Le géant eut un regard méfiant envers moi, puis il regarda Sophie qui d´un signe presque imperceptible lui fit comprendre que j´étais un homme de confiance. L´homme changea radicalement de ton...
"Je t´appellerai Fred, c´est bien ça Fred. Et si je peux te donner un conseil, ne donnes plus jamais ton nom comme ça, c´est un coup à finir en taule en moins de temps qu´il n´en faut pour le dire.
-Frédéric, c´est le nom qui est sur mes faux papiers d´identité, répondis-je... Mais mon vrai nom, je le garde pour moi et pour une poignée d´amis. Désolé pour vous, mais si Sophie a confiance en vous, je me dois de me faire une idée par moi-même.

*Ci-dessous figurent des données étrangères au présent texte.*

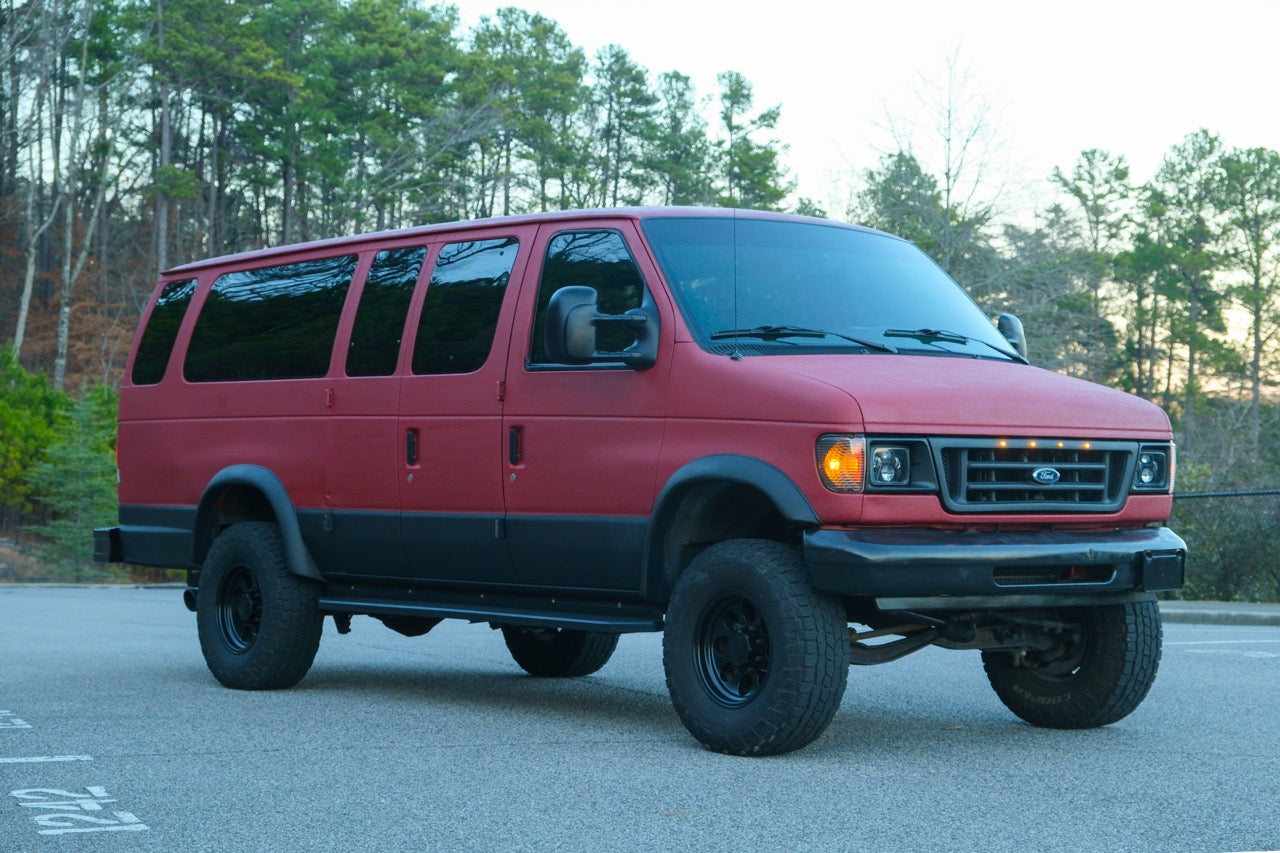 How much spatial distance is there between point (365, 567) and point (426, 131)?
180 feet

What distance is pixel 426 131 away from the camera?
62406 mm

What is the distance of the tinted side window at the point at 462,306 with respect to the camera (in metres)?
8.56

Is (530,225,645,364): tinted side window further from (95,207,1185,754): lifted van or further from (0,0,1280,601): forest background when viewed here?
(0,0,1280,601): forest background

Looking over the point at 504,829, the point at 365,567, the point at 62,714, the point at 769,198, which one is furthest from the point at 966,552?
the point at 769,198

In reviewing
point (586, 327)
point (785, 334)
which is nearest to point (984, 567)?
point (785, 334)

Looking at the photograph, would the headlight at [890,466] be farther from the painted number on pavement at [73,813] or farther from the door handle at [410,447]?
the painted number on pavement at [73,813]

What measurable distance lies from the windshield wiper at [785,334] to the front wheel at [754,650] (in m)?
0.96

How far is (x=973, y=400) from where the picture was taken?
23.1ft

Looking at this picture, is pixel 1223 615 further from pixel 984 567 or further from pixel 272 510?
pixel 984 567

-Jeune homme, tu es fort malpoli... mais tu as une tête bien pleine ! Et laisse-moi te dire que c'est pas la politesse qui va te sauver la vie ici."
Le mot "résistance" me fit frémir... Dans les livres d´histoire, les résistants finissaient tous soit par être oubliés soit par être abattus froidement dès qu´ils n´avaient plus rien à avouer. Mais nous étions plus forts et surtout plus malins que les résistants des livres d´histoire... Du moins, je l´espérais...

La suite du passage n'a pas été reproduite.